→ **Problem to work on**: Output the data word for word, dropping every image.

→ **Data under study**:
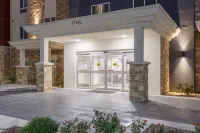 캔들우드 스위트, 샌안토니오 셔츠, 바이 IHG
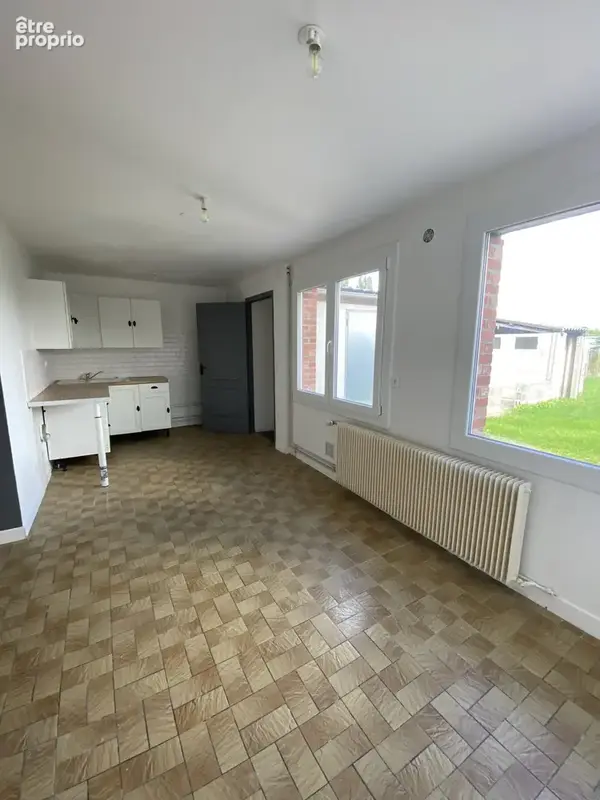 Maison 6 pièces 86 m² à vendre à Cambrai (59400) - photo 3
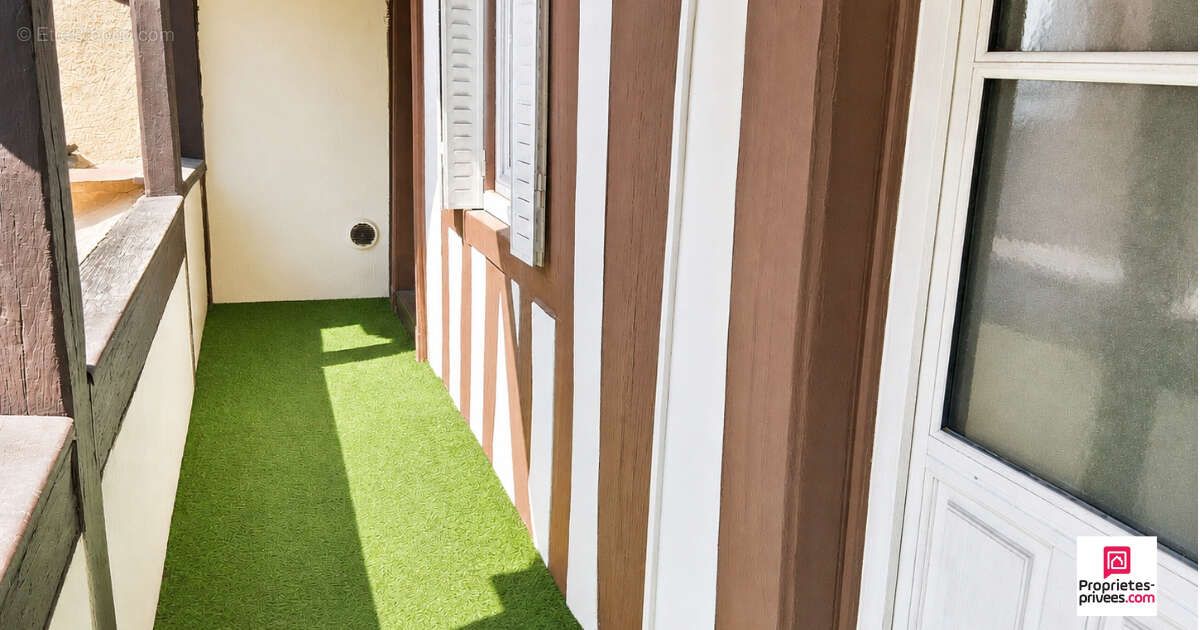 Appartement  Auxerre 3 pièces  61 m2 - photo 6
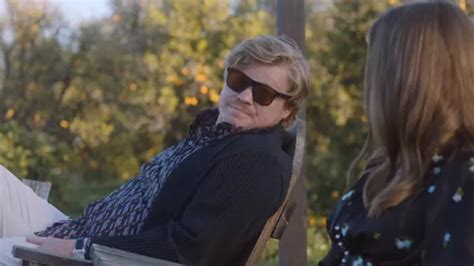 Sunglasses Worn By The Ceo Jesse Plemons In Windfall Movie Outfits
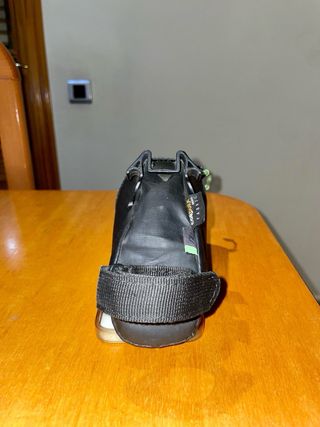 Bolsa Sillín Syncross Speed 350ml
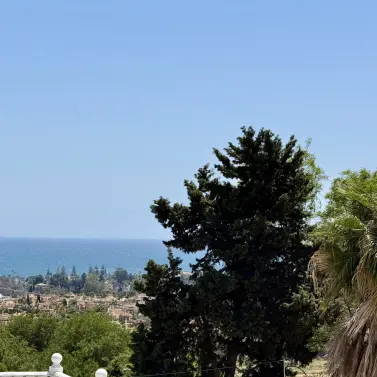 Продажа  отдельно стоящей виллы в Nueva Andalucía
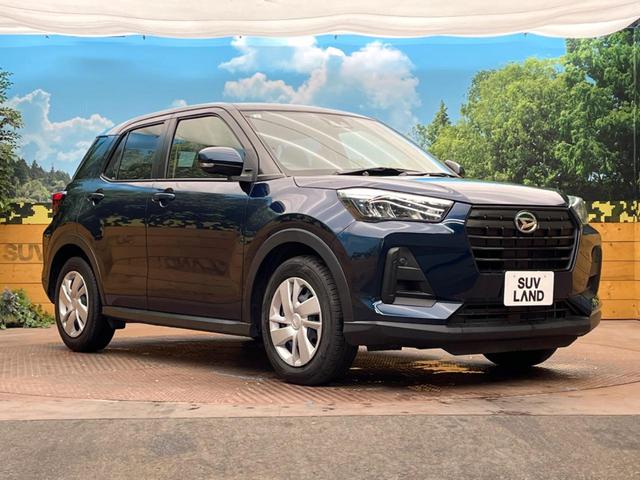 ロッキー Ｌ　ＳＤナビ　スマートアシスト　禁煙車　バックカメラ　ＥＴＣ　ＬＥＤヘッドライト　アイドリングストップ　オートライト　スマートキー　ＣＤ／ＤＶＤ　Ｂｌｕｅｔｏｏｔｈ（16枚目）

→ **Written reply**:
 캔들우드 스위트, 샌안토니오 셔츠, 바이 IHG
 Maison 6 pièces 86 m² à vendre à Cambrai (59400) - photo 3
 Appartement  Auxerre 3 pièces  61 m2 - photo 6
 Sunglasses Worn By The Ceo Jesse Plemons In Windfall Movie Outfits
 Bolsa Sillín Syncross Speed 350ml
 Продажа  отдельно стоящей виллы в Nueva Andalucía
 ロッキー Ｌ　ＳＤナビ　スマートアシスト　禁煙車　バックカメラ　ＥＴＣ　ＬＥＤヘッドライト　アイドリングストップ　オートライト　スマートキー　ＣＤ／ＤＶＤ　Ｂｌｕｅｔｏｏｔｈ（16枚目）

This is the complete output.